President Obama’s announcement of the new 54.5 MPG standard promises
some light at the end of the tunnel. Although that standard will not be reached
until 2025, it will be phased in, beginning with a 35.5 MPG standard in 2016
and it is estimated that consumers will realize a $1.7 trillion savings in fuel
costs by the time the standard is fully implemented. Increased sales of higher mileage vehicles
and the development of energy efficient technologies are credited with winning
auto manufacturers’ buy-in. Even so, automakers will need to go beyond
current hybrid and diesel solutions to meet the final standard and provide a
product that is affordable for the average consumer.
A recent Forbes article, The
Fantastic Plastic Car, features one automotive designer’s answer to the
need for mileage efficiency. Gordon Murray
cites the heavy weight of steel as a major factor in low gas mileage. Murray’s
T.25 won the RAC’s Future Car Challenge and boasts an incredible 80 miles per
gallon. Made of carbon fiber
reinforced plastic, a composite known for its high strength-to-weight ratio, it
provides a safe alternative to heavier, lower mileage vehicles. Lower manufacturing costs promise lower
sticker prices and quicker adaptation by car buyers.
While plastic cars may sound innovative, Henry Ford built
the first plastic car in 1941. Known as
the Soybean Car, it had fourteen plastic panels, which were made from a combination of
soybeans, wheat and hemp, attached to a steel frame. Weighing half as much as its all-steel
counterparts, the Soybean Car could have solved gas mileage concerns before
they became an issue.

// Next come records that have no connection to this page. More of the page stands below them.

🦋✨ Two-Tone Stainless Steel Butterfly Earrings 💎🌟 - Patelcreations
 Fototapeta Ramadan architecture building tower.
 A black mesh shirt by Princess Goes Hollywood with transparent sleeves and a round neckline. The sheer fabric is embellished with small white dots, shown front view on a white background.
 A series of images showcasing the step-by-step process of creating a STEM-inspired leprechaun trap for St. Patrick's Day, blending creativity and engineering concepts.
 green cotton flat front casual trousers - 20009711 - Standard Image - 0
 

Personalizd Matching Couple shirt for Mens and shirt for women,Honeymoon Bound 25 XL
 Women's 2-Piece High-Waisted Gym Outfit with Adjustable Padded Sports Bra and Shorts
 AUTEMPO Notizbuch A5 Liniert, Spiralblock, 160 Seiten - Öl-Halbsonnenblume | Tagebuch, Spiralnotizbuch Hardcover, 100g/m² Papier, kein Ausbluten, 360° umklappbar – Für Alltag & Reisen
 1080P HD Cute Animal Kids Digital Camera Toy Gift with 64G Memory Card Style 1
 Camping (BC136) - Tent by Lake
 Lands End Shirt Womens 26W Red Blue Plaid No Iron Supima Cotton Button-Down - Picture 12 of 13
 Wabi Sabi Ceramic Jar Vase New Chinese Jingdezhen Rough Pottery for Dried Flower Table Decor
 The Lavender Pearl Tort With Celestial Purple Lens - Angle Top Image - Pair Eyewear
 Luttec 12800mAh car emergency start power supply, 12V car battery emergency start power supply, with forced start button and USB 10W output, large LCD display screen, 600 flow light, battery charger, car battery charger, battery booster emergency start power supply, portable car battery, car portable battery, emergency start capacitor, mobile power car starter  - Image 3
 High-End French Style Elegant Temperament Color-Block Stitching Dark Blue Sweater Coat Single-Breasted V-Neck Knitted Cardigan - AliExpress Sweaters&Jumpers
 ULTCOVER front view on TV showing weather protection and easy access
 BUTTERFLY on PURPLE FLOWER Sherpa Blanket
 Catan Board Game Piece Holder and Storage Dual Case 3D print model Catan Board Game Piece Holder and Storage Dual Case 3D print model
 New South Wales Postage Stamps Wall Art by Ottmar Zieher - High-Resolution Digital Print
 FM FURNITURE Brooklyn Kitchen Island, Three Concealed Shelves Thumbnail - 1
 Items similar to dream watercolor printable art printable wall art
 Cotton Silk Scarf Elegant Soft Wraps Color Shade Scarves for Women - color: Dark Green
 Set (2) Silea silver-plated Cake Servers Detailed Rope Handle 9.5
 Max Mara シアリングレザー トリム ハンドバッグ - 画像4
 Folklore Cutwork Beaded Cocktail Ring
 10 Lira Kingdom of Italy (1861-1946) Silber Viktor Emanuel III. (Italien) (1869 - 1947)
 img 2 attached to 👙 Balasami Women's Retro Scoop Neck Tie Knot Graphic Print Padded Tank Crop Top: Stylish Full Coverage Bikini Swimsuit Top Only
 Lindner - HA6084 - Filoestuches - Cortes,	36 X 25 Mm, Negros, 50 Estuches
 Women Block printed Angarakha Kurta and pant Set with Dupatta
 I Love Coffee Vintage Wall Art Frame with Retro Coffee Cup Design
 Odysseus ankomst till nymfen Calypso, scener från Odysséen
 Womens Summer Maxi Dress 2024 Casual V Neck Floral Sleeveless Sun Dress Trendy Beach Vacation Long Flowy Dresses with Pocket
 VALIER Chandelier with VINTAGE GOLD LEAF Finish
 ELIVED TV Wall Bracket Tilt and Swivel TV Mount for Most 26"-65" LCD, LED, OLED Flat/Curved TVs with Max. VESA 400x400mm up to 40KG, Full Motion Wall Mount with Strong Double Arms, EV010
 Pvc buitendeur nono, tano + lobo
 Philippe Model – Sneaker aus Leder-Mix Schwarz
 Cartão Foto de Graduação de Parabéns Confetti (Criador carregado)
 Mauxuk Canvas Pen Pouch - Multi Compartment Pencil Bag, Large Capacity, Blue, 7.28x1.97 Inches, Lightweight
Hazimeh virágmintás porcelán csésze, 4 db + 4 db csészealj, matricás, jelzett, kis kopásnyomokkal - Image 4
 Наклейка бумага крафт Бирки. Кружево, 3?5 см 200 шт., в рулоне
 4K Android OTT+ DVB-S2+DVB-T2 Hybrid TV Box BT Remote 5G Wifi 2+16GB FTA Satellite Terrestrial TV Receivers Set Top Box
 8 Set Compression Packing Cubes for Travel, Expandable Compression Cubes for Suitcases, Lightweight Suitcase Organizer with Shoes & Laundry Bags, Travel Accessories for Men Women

Sadly, the
outbreak of World War II halted auto production and the Soybean Car was not
pursed after the war ended.
In the sixties, advances in plastic welding supported the
creation of another plastic car. An ultrasonic welding machine, which
fused materials with high frequency acoustic vibrations, was produced. Subsequently, Marbon Chemical, maker of a thermoplastic
resin called Cycolac, hired a designer to produce a car from the material. In 1964, he created the first prototype,
the CRV (Cycolac Research Vehicle), which used ultrasonic welding for fusing
the Cycolac components. Although he
created several additional prototypes, they had a weak reception and
development was discontinued.
Welding techniques, however, continued to support the use of plastic
in car design. In the mid seventies, for
example, General Motors utilized a type of friction welding known as
spin welding to fuse parts of their air conditioning systems. In 1979, an engine made of graphite reinforced plastic was built by Polymer Research. Until recently, however, additional plastic
car prototypes have been scarce.
Hopefully, the new mileage standards will spur the development of many more innovative vehicles like Gordon Murray’s. We might even see
a resurgence of the Sunday afternoon drive.
I’d better start practicing my forties repertoire.